Die Geschichte des Vogelschutzvereins Kirrlach
- Als der Vogelschutzverein Kirrlach im Jahre 1913 von zehn Vogelliebhabern gegründet wurde, hatte Kirrlach knapp dreieinhalbtausend Einwohner. Unter dem Namen „Kanarienzucht- und Vogelschutzverein“ wurde der Verein am 25. Februar 1913 beim Großherzoglichen Bezirksamt in Bruchsal registriert. Der Name macht deutlich, dass sich die Gründungsväter der damals in Mode kommenden Kanarienzucht widmen wollten.
- Hauptzweck des Vereins war der Erfahrungsaustausch unter den Züchtern. Darüber hinaus präsentierte man die besten Zuchterfolge der Kirrlacher Bevölkerung in Vogelschauen. Das zeitaufwendige Hobby konnte darüber hinaus bei erfolgreichen Züchtern durchaus auch finanziell attraktiv sein. Denn einen Kanarienvogel in der guten Stube zu halten, galt als Zeichen eines gutbürgerlichen Wohlstands und man war bereit, dafür auch Geld auszugeben.

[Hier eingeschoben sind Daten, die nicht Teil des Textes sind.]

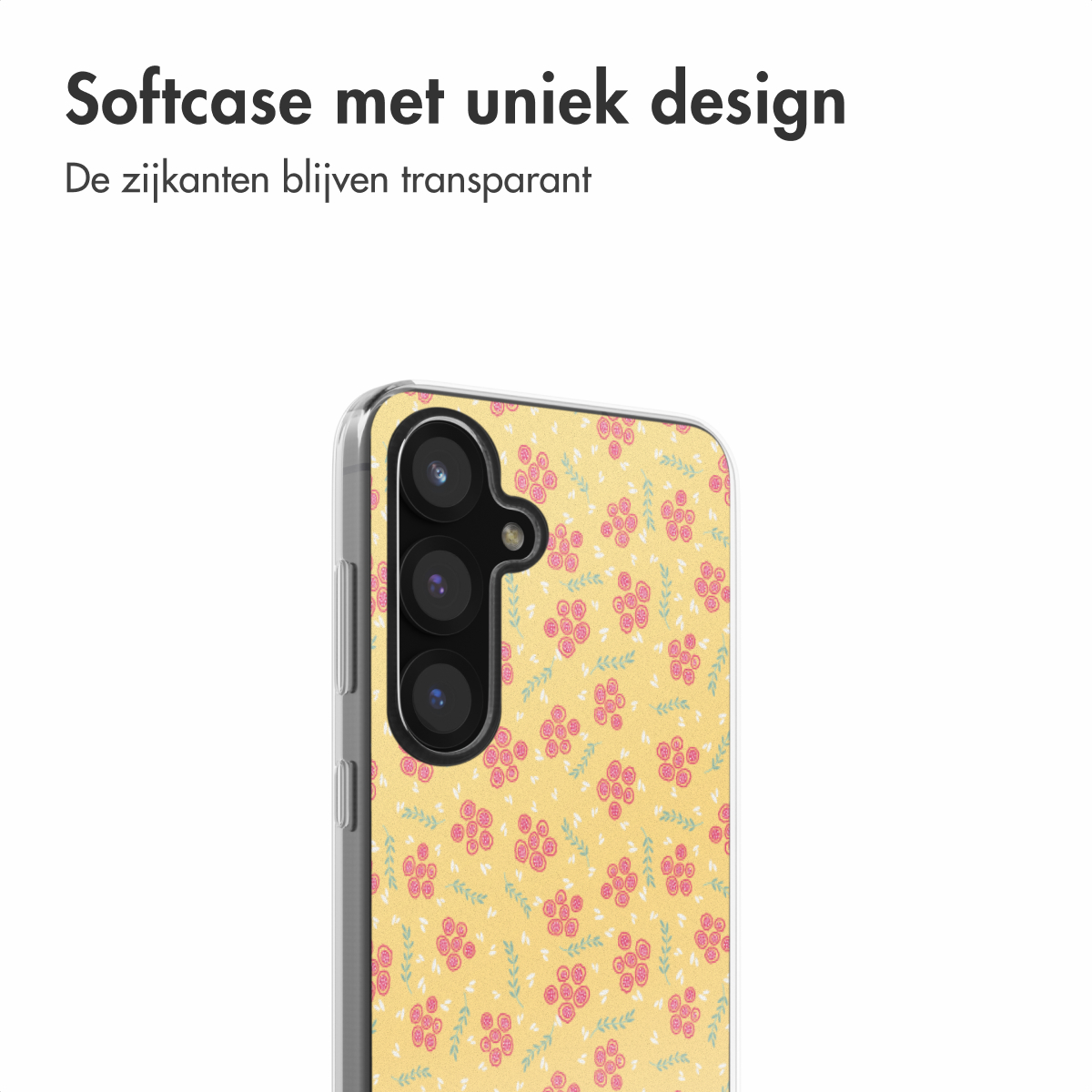 Een geel telefoonhoesje met een roze bloemen- en groene bladerenontwerp. De hoes heeft een camera-uitsparing.
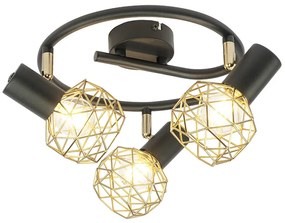 Design fekete, arany színű, 3 lámpával állítható - háló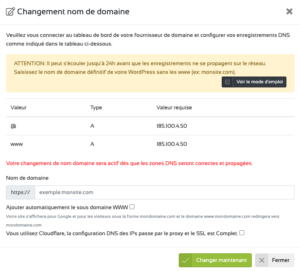 Changement de nom de domaine dans la console WPServeur
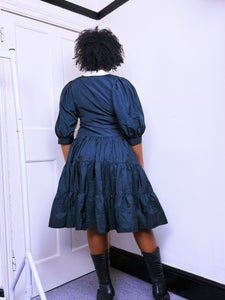 1980s Gothic taffeta removable collar ruffled dress
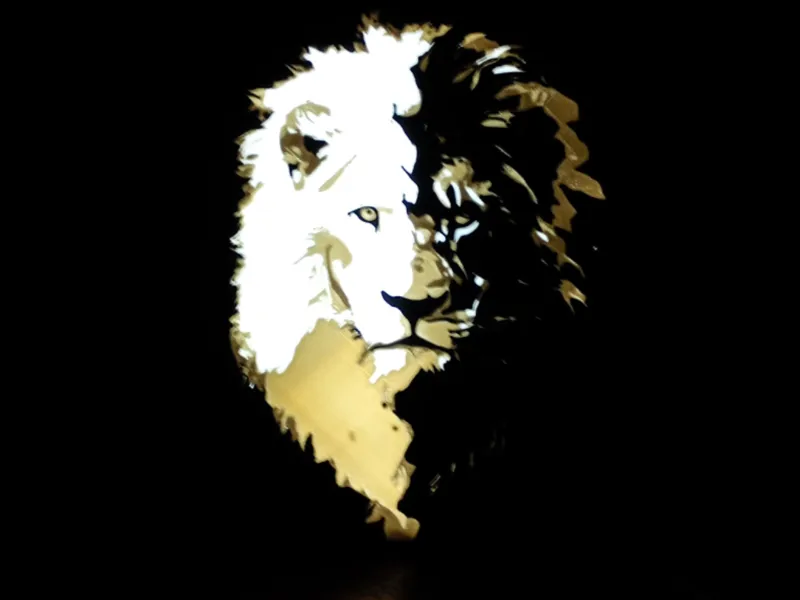 Lion head lightbox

- Der Verein schloss sich dann auch dem bereits 1906 gegründeten „Badischen Bund für Kanarienzucht und Vogelschutz“ an. In diesem Verband, der sich heute „Badischer Kanarienzüchterverband 1906“ nennt, gehört der Kirrlacher Verein zu den ältesten Vereinen und ist heute noch Mitglied. Kanarienzucht ist ein zeitaufwändiges Hobby, dessen Ausübung man sich im ländlichen Raum erst mit der verstärkt einsetzenden Industrialisierung leisten konnte.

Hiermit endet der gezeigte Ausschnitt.